RSA Conference 2020

I attended the RSA Conference 2020 last month. I wanted to understand the security market better, due to my work at Google.

 

The conference was large, spread across all of Moscone Center. Many of the vendors had really high-end displays on the floor.
I attended some talks, but the Expo itself dominated the event. It gave a great picture of where vendors think security dollars are going to be spent.

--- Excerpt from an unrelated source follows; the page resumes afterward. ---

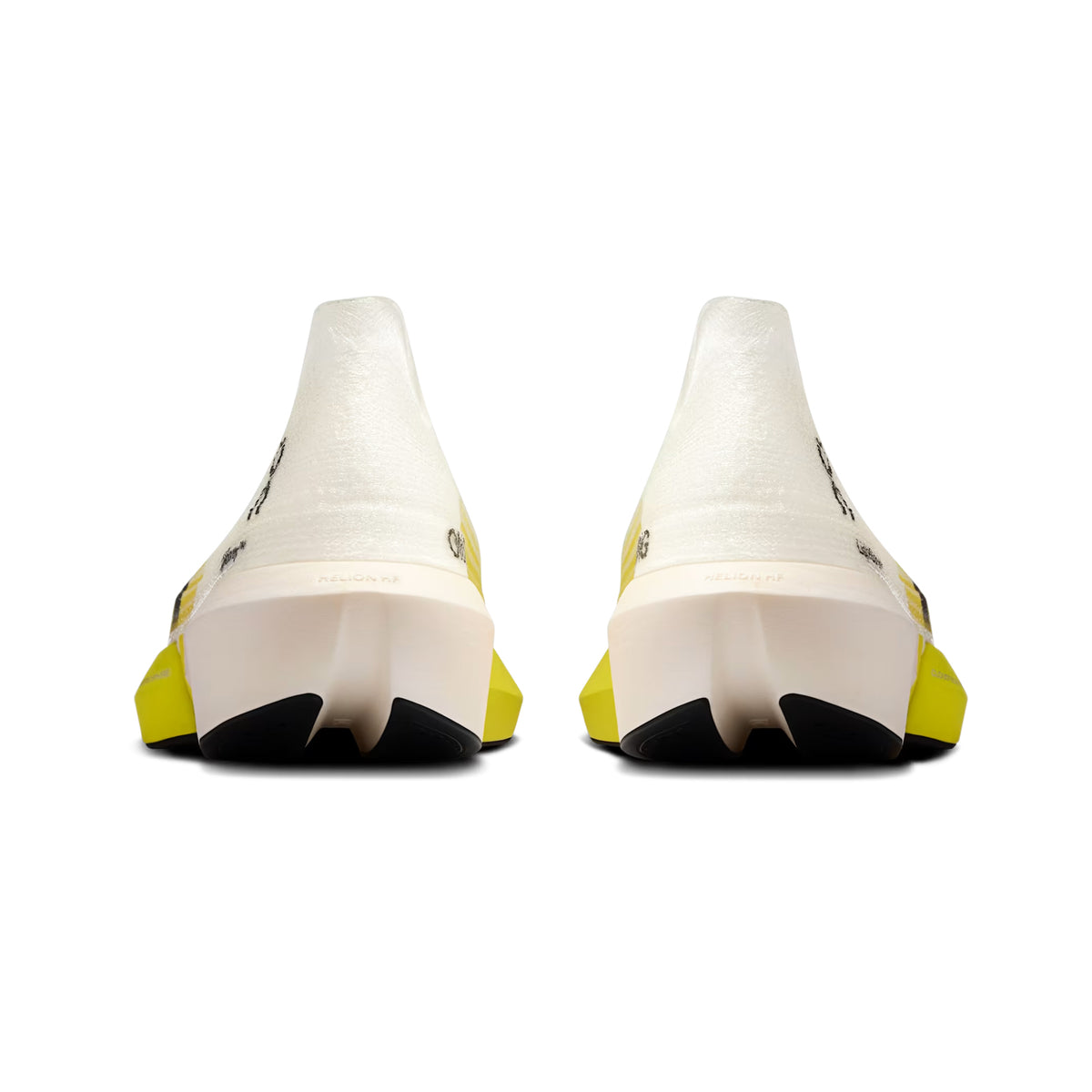 On LightSpray Cloudboom Strike 2 White Lime heel view showing Helion HF hyper foam with carbon Speedboard and CloudTec Sphere system for energy return and propulsion during race day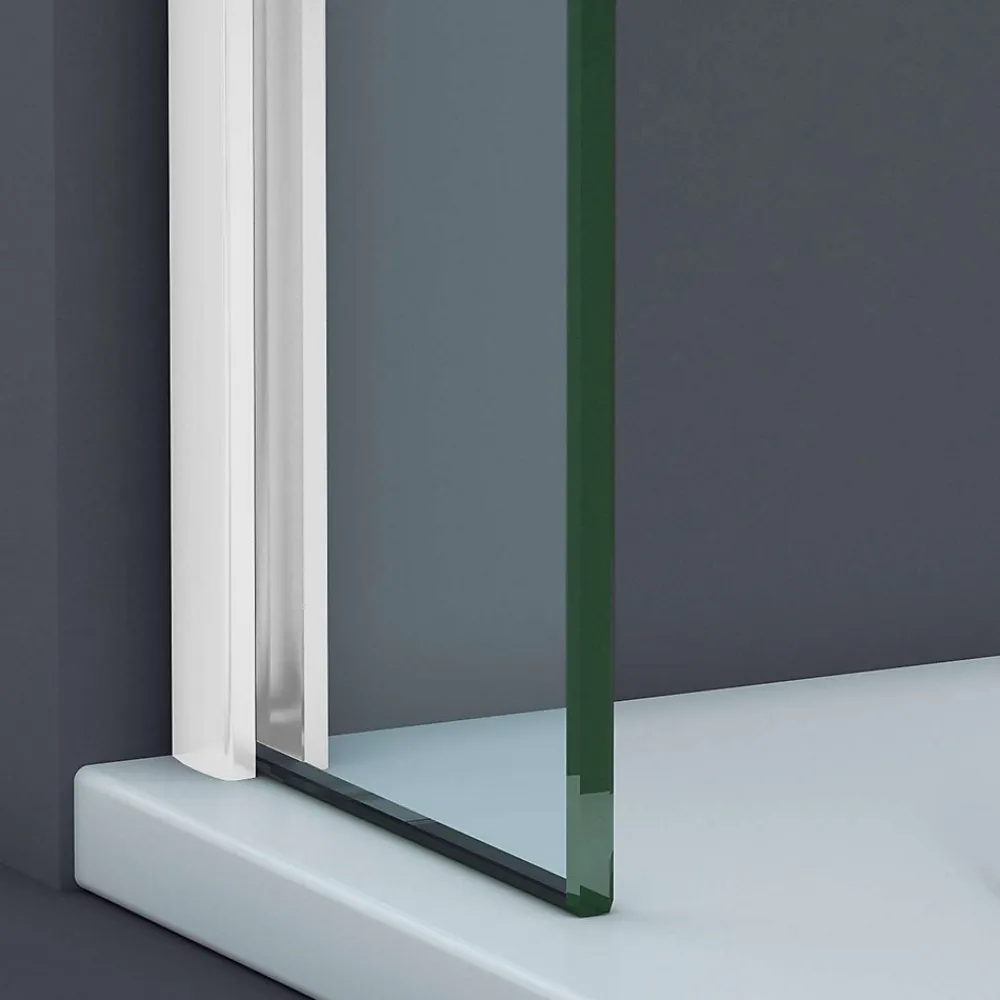 Pare-Baignoire|Superban Paroi de baignoire fixe en verre sécurité transparent ép 6mm anti calcaire, L100 x H147 cm, blanc mat, Mont Blanc CC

Threat detection and Security Analytics

The largest segment present. Lots of flash, dashboards and demos. Examples included Exabeam, Splunk, Solarwinds, Google Chronicle, Corelight, Farsight, D3Security, Lastline, Securonix, Anomali.
By the end of the week all these companies blurred into one another, though I must say the Chronicle demo was pretty compelling. Most demos have an element of smoke-and-mirrors, but Chronicle was pretty good.

Identify Management

Lots of vendors in this space too, though I didn’t speak with many of them. “Zero-trust” was the key marketing phrase.

Endpoint Management

Lots of vendors too. The challenge of securing all those devices attached to the network is clearly an issue, and there are lots of products offering to manage these devices for the CISO.

Governance and Compliance

These software vendors were also present. I was also surprised at the number of DLP vendors hawking their wares.

Infrastructure companies

Not as numerous as I expected, but all the usual suspects were there. Splunk had a very large stand, as had Solarwinds and Sumo LogicSysdig were present, and are making an explicit play in the security space.
Another interesting Log Analytics company was Humio, who claim to have really fast search times, due to the way they compress their data. Elastic had not one but two stands, at either end of the Expo, with Kibana dashboards everywhere to see.
Overall there wasn’t a huge emphasis on data collection systems, most of the vendors assumed you had access to your data already, and wanted to show all the cool things they could tell you about it.

Other observations

I also came across an interesting new security knowledge base called MITRE ATT&CK. It’s like CVE on steroids. Most Threat Detection systems (including Elastic) had an integration story about it.
Finally, the talks I did attend weren’t bad, but were not brilliant either. I think the sheer size of the conference meant that speakers knew a wide range of folks could be at any one talk, so most never seemed to get super-specific, or give me actionable insights. Many were panel discussions.
One of the talks featured Rivest and Shamir, so that was cool. Much of their commentary was political in nature (e.g. Election Security). George Takei opened the conference, and that was definitely cool.